Fui a Roma, sin esperar grandes cosas, porque en aquel momento, necesitaba tomarme un respiro, “desconectar” -sobre todo una vez finalizados mis estudios de Derecho, y a punto de comenzar a trabajar en un despacho de abogados- y además me parecía una gran oportunidad, -ya que a mí que me gustaba el arte- el poder conocer una ciudad como Roma, con sus edificios y monumentos renacentistas y barrocos…
Lo último que había imaginado en aquel caluroso verano del año 2000, es que ese viaje a Roma iba a significar para mí un encuentro personal con Cristo vivo y resucitado como jamás había tenido antes. Fueron días maravillosos en los que el Señor por pura gracia y misericordia quiso entrar hasta el fondo de mi corazón.
La primera gran impresión que tuve fue la de encontrarme con jóvenes que estaban fascinados por Cristo, que irradiaban la alegría del Resucitado, una alegría que yo por entonces no tenía. En seguida broto en mí el deseo de dejarme contagiar por esa alegría y de profundizar en la causa de la misma. ¡Yo quiero tener esa Alegría!, ¡deseo vivir en esa Alegría! me decía a mí mismo.
Otro momento excepcional fue el poder escuchar y ver de cerca al Papa Juan Pablo II. Aún guardo en mi corazón aquellas palabras que resonaron en mi interior con una fuerza e intensidad inusitada: “Jóvenes, no busquéis en otro sitio, lo que sólo Cristo os puede dar”. Es decir, no pongáis vuestra confianza en las cosas de este mundo que son pasajeras y perecederas, en aquellas cosas caducas que pasan y que no permanecen y que, en definitiva, no van a llenar vuestro corazón: placeres, comodidades de todo tipo, fiestas…. Antes bien, poned vuestra confianza en Aquel que responde a las exigencias más íntimas de vuestro corazón: Cristo, nuestro Señor.

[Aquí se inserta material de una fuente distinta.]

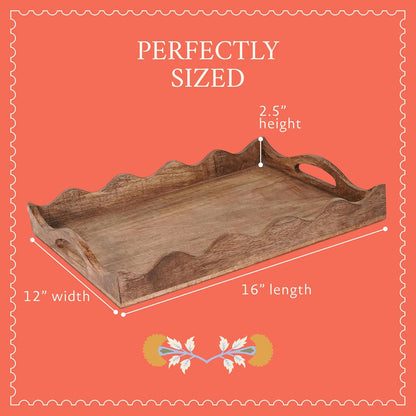 16" 12 2.5 Mela Artisans Ottoman Wooden Serving Tray | Large, Scallop White Burnt | Decorative Mango Wood | Serve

A su vez, se me quedó grabada una certeza en mi interior, como palabras dirigidas para mí por el mismo Dios: “Nadie te ama como yo”. Sentí un amor que me abrasaba por dentro y una voz que me pedía entregar la vida con confianza sin miedos. Fue una experiencia inolvidable que me permitió, a su vez, hacer revisión de lo que hasta entonces había sido mi vida, de poder visualizar como si fuese una película, “la historia de mi vida” con sus luces y sus sombras, con sus momentos buenos y malos…, pero una historia que puesta en manos de Dios, entregada a su Misericordia Infinita, se convertía en verdadera historia de salvación. Encontré un movimiento de espiritualidad franciscana que me ayudó en esta tarea a seguir profundizando en mi relación con Dios, a través de la oración y en la entrega y servicio a los hermanos. Así, de este modo, sentía con el paso del tiempo, como esa gracia o don recibido en Roma en el verano del 2000 se iba desarrollando en mí, -no sin dificultades y sin resistencias- e iba adquiriendo una forma concreta. Experimentaba en lo cotidiano de cada día, -y con la ayuda de algunos sacerdotes y amigos- que el deseo de entrega total e incondicional que el Señor ponía en mi corazón adquirían una forma y rostro concreto: ¡ser sacerdote de Jesucristo!.